_DATASET CONTENT_

· · · ·

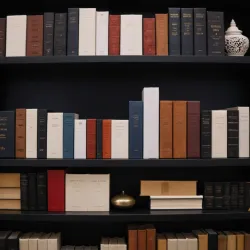 photo of #1 monocolor books on shelves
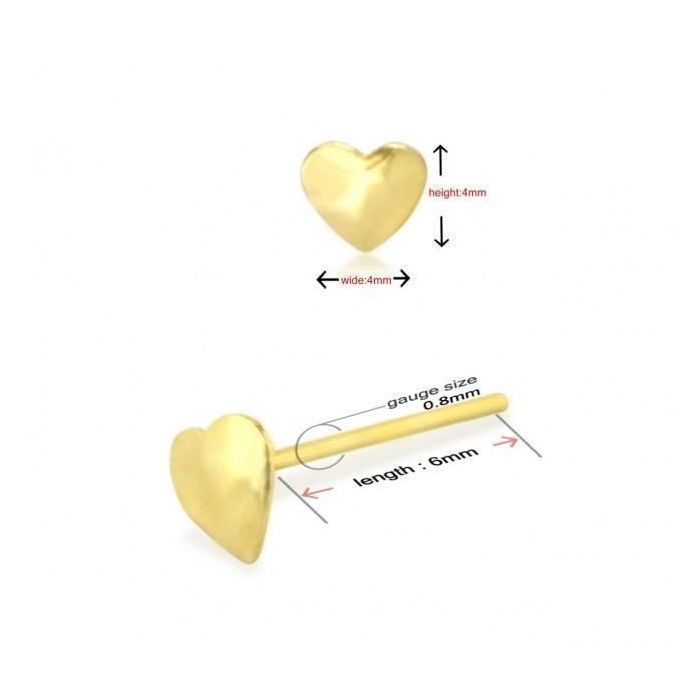 KODY PIERCING Clou Nez Or Jaune 9 Carats Tige Droite 22G 10 mm - Pureté Lumineuse et Élégance Minimaliste
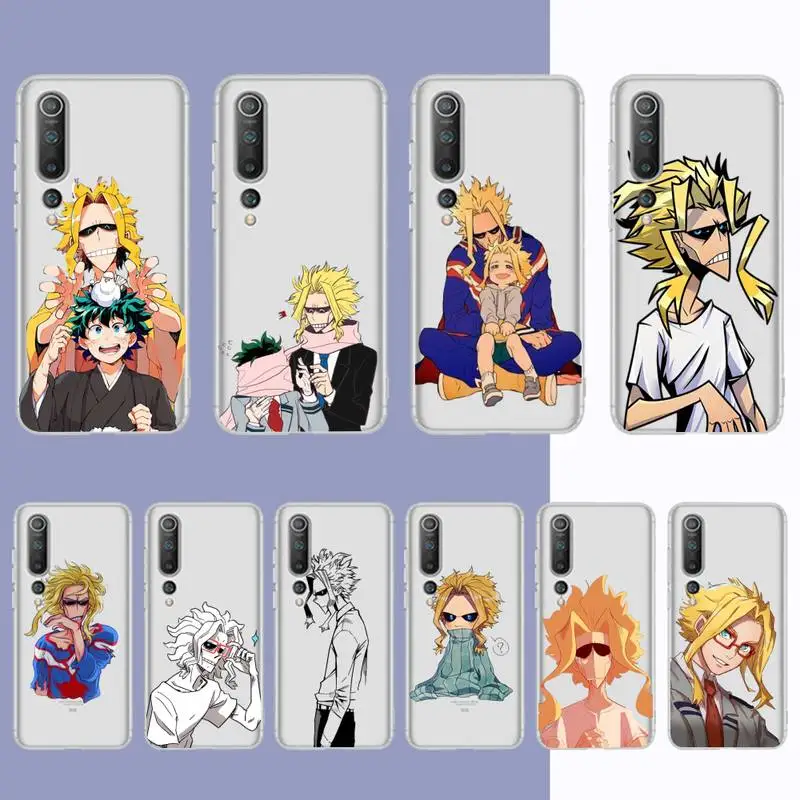 

My Hero Academia All Might Toshinori Yagi Phone Case For Redmi Note 5 7 8 9 10 A K20 pro max lite for Xiaomi 10pro 10T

· · · ·

_WORK TASK_
Leave the images out and give the rest of the data again exactly.

_EXERCISE OUTPUT_
 photo of #1 monocolor books on shelves
 KODY PIERCING Clou Nez Or Jaune 9 Carats Tige Droite 22G 10 mm - Pureté Lumineuse et Élégance Minimaliste

My Hero Academia All Might Toshinori Yagi Phone Case For Redmi Note 5 7 8 9 10 A K20 pro max lite for Xiaomi 10pro 10T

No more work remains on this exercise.